Paralelos históricos

A “Cortina de Ferro” soviética não foi a primeira grande linha defensiva erguida na Europa no século XX.

Nos anos 1930, a França construiu ao longo das suas fronteiras um conjunto de barreiras defensivas, que ficou conhecida pelo nome de Linha Maginot, com o objetivo de impedir uma eventual invasão da Alemanha.

Na altura, os franceses assumiram que os alemães não conseguiriam atravessar a floresta das Ardenas, na Bélgica. A Linha Maginot falhou catastroficamente.

Embora as fortificações da Linha Maginot tenham levado os alemães a alterar os planos de ataque, a Bélgica ficou vulnerável, e durante a II Guerra Mundial as tropas nazis passaram pelas Ardenas facilmente, a caminho de Paris.

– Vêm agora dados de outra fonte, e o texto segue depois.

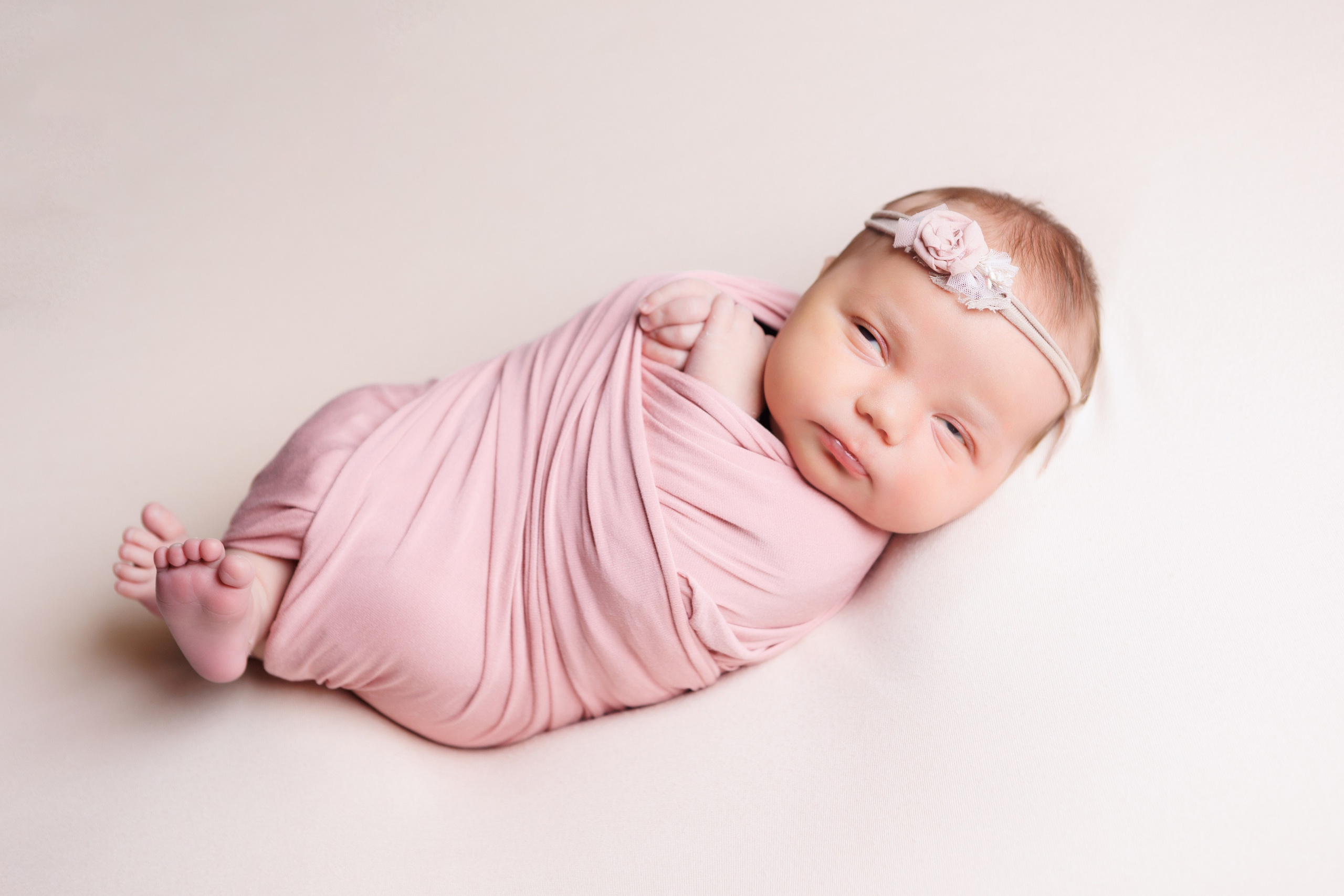 Съемка newborn. Фотограф в Санкт-Петербурге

Hoje, a cooperação entre todos os países que fazem fronteira com a Rússia  e o conhecimento do terreno são cruciais para evitar os erros da Linha Maginot.

A nações europeias sabem que não podem evitar totalmente um ataque russo, mas podem, possivelmente, condicionar a sua natureza. O objetivo destas barreiras é simultaneamente dissuadir e tentar controlar o local de uma eventual invasão.

Se for anunciado um cessar-fogo entre a Ucrânia e a Rússia, os líderes bálticos receiam que o Kremlin possa reposicionar tropas nas suas fronteiras. E nessa altura, os países vizinhos da Rússia querem estar o mais preparados possível para o que Vladimir Putin possa fazer a seguir.